While the shift from physics to prototype development might seem like an unusual career leap, Dr. Kilfoil says it’s a natural one.
“I’ve been a big DIY person ever since I was a child. I’d create mechanized improvements on the farm where I grew up or build my own furniture or whimsical objects. Physics was just an extension of my creative ability.”
Now Dr. Kilfoil is tasked with creating and fostering an environment of design and innovation.
She and all the members of the Navigate team – along with a number of faculty at Grenfell who kickstarted and cultivated the investment – are working to answer some big questions, such as: How can you create an environment that stimulates development of innovation? What are the required building blocks of such an ecosystem?
Accessible design
Dr. Kilfoil suggests that there is a major shift happening in industrial design.
With new technologies, design is accessible to individuals and small operations and is no longer limited to large factories and companies.

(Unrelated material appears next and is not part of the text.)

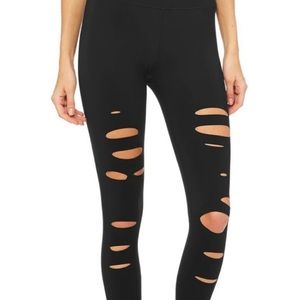 Alo High Waist Ripped Warrior Leggings Sz L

“People can go right into creating an enterprise or product, by themselves,” she said.
“The hardware has gotten cheaper and easier to use. Once you figure out how to make a digital file that embodies your design, you can use the same template for all these different fabrication tools. My role as manager of the makerspace, along with Billy Newell and Sean St. George and the rest of the Navigate team, is to provide resources and mentoring for people on all the different aspects of this journey.”
“The most fundamental thing is, of course, to create the space.”
The makerspace will bring together people who collectively can achieve much more than individuals can by creating opportunities for “collisions between makers and not-yet makers” in the Corner Brook community, says Dr. Kilfoil, as well as students from all of Grenfell’s programs, the DIY society and the public, Grenfell libraries, experts from industries key to Western Newfoundland and people from funding agencies.
Dr. Kilfoil says she is also motivated to create a network of potential users of the makerspace, develop programming and figure out ways to get into classrooms to encourage core skills and the use of fabrication tools, as well as the journey of entrepreneurship.
A space to create
Already, Dr. Kilfoil has travelled to rural communities in Western Newfoundland to offer robotics workshops and to help organize events to encourage entrepreneurship in the region, such as a recent forestry-themed startup weekend.
“The most fundamental thing, of course, is to create the space, and my primary occupation — and obsession — currently is building out of the makerspace – sourcing the digital and traditional fabrication equipment,” she said.
“The kids I’ve met in Western Newfoundland get it. You can’t go around to all the places from St. Anthony to Port aux Basques that I do and not get very inspired. I couldn’t be more excited to be engaging with makers, aspiring makers and designers in the area.”